--- START ---

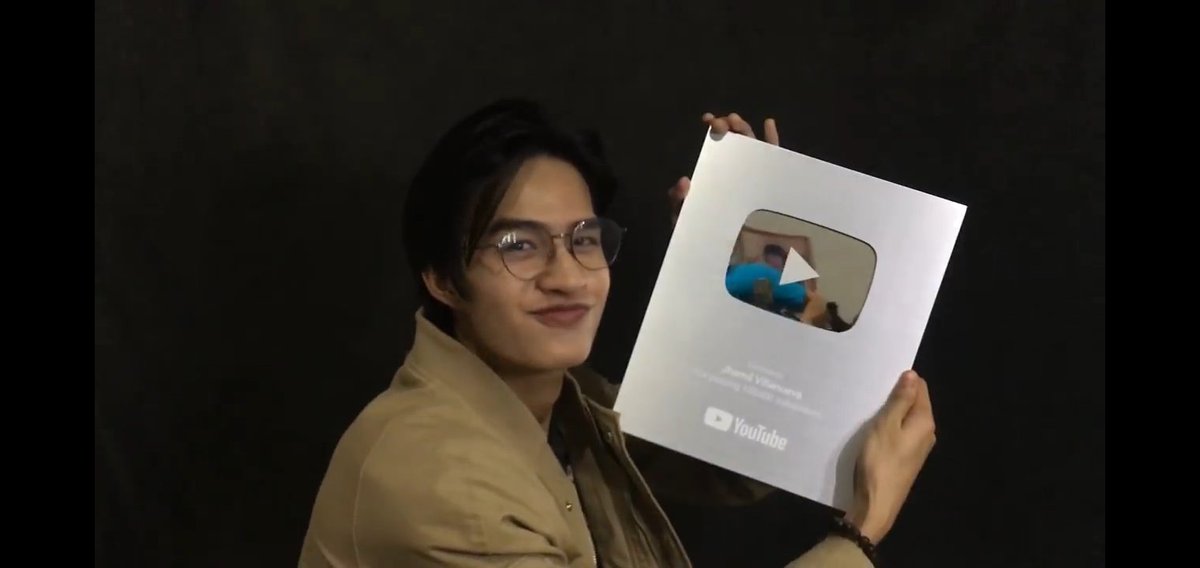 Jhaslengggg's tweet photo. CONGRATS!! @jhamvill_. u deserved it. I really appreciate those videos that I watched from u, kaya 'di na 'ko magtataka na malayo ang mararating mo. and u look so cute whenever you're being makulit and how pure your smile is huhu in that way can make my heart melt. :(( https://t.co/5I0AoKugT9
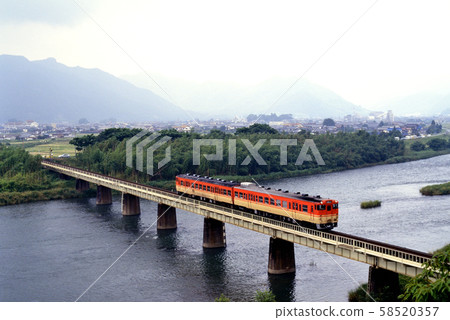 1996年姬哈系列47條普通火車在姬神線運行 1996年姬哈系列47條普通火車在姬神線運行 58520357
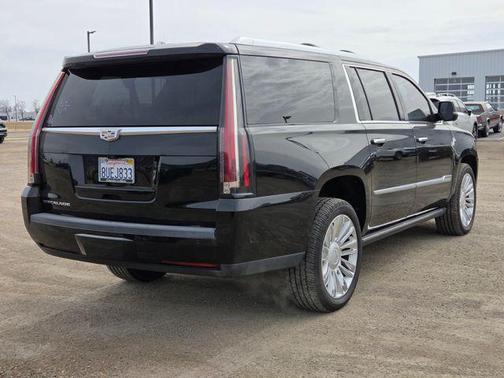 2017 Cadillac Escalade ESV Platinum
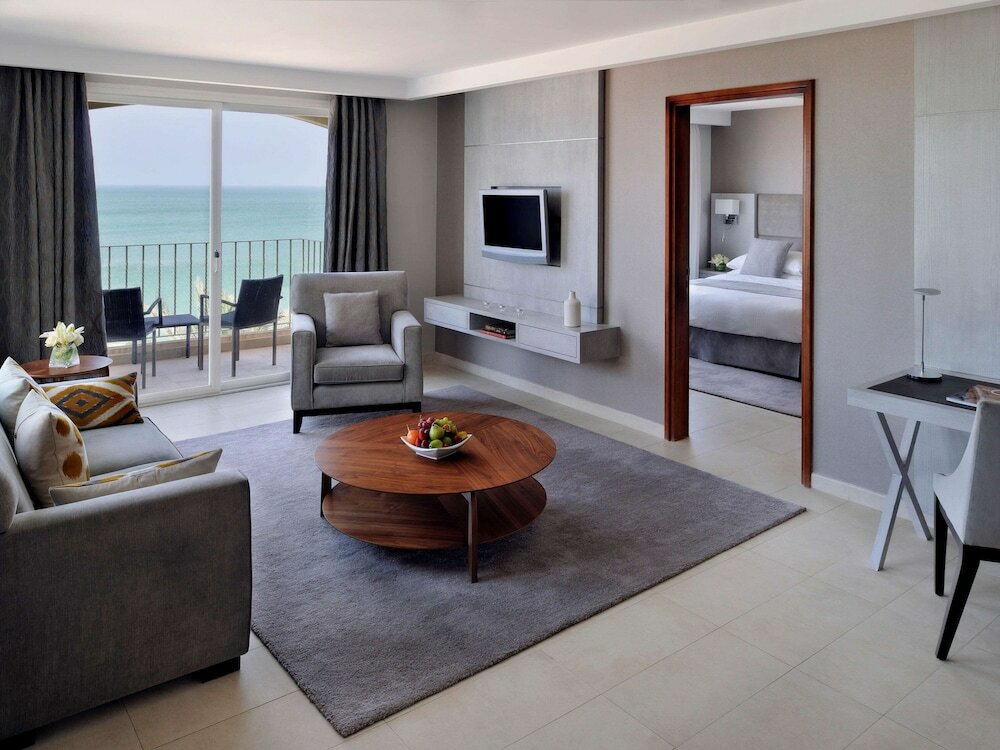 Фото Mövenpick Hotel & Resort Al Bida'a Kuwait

--- END ---

Find the line containing "1996年姬哈系列47條普通火車在姬神線運行 1996年姬哈系列47條普通火車在姬神線運行 58520357", then extract it and every line after it to the end of the data above, exactly and nothing else, without pictures.

Result for this task =
 1996年姬哈系列47條普通火車在姬神線運行 1996年姬哈系列47條普通火車在姬神線運行 58520357
 2017 Cadillac Escalade ESV Platinum
 Фото Mövenpick Hotel & Resort Al Bida'a Kuwait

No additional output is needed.